Pero si ellos viven en un mundo líquido, sin bases: ¿quiénes son los beneficiarios de sus diatribas? ¿A quiénes admiran, sustentan y rinden provecho? Lo único que es posible inferir es que su territorio político no es nuevo. La ultraderecha existió siempre. Y en estos días es equivalente a una especie de ultracapitalismo del caos. La mafia, la camorra, la sacra corona unita o la ‘ndrangheta son sus modelos de operación y de acumulación de poder. Otro modelo son los piratas. Existe un libro de Martin Parker, titulado “Negocios Alternativos, Bandidos, Crimen y Cultura”, que describe ese mundo.
¿Una nueva era medieval?
El gran Franco “Bifo” Berardi definió este tiempo con irónica amargura, en su libro “Generación Post-Alfa-Patologías e imaginarios en el semiocapitalismo”.

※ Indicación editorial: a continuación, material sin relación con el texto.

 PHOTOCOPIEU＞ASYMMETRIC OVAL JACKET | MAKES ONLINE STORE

“La ofensiva hiper-capitalista desreguladora no se limita a destruir los derechos de los trabajadores conquistados en las luchas del siglo XX, sino que ataca los principios mismos del universalismo iluminista y corroe las bases mismas de la civilización burguesa. La burguesía no es más la clase social hegemónica: la clase del progreso industrial que se afirmó en el conflicto, pacífico o violento, con la clase obrera, y que encontró allí las condiciones para crecer y madurar culturalmente. La dinámica del siglo XX se funda sobre este conflicto y sobre esta alianza entre obreros y burguesía industrial, que ahora desapareció”.

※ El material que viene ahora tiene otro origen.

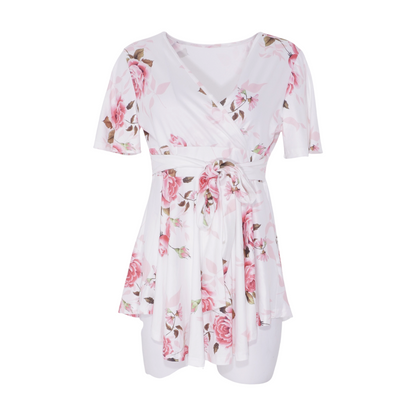 White Floral Mini Dress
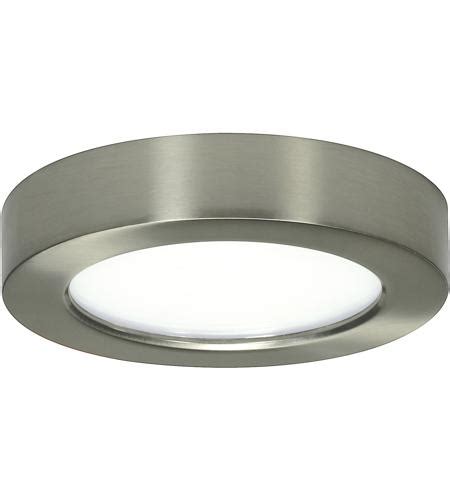 Nuvo S9321 Blink Led 6 Inch Brushed Nickel Flush Mount Ceiling Light Round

“Aniquilada la dinámica del conflicto, transformada la clase obrera en un ejército desterritorializado de esclavos niños y de precarios de la vida, una clase abiertamente criminal toma el poder en todas partes. El absolutismo del capital hace de la competencia la única ley, e instituye, por ello, la violencia como único regulador de la relación. El absolutismo del capital no se limita a destruir la comunidad obrera, sino que vacía la sustancia misma de la individualidad moderna, heredera de la burguesía y del Iluminismo, prenda última de la civilización occidental”.
El hecho de que escaseen los obreros organizados y que los sindicatos ya no tengan el poder que tuvieron implica necesariamente que hayan aumentado la precarización laboral, las jornadas de trabajo mayores de ocho horas, los salarios ínfimos y las condiciones laborales extremas.
¿Estamos los argentinos, como el teniente Giovanni Drogo, en El Desierto de los Tártaros, esperando, como en la novela de Dino Buzzati?
¿Existe la perpetua postergación de lo importante, que deja paso a la vacuidad de lo inútil?
La última barrera es la conciencia, lo que no es seguro es que alcance en esta instancia.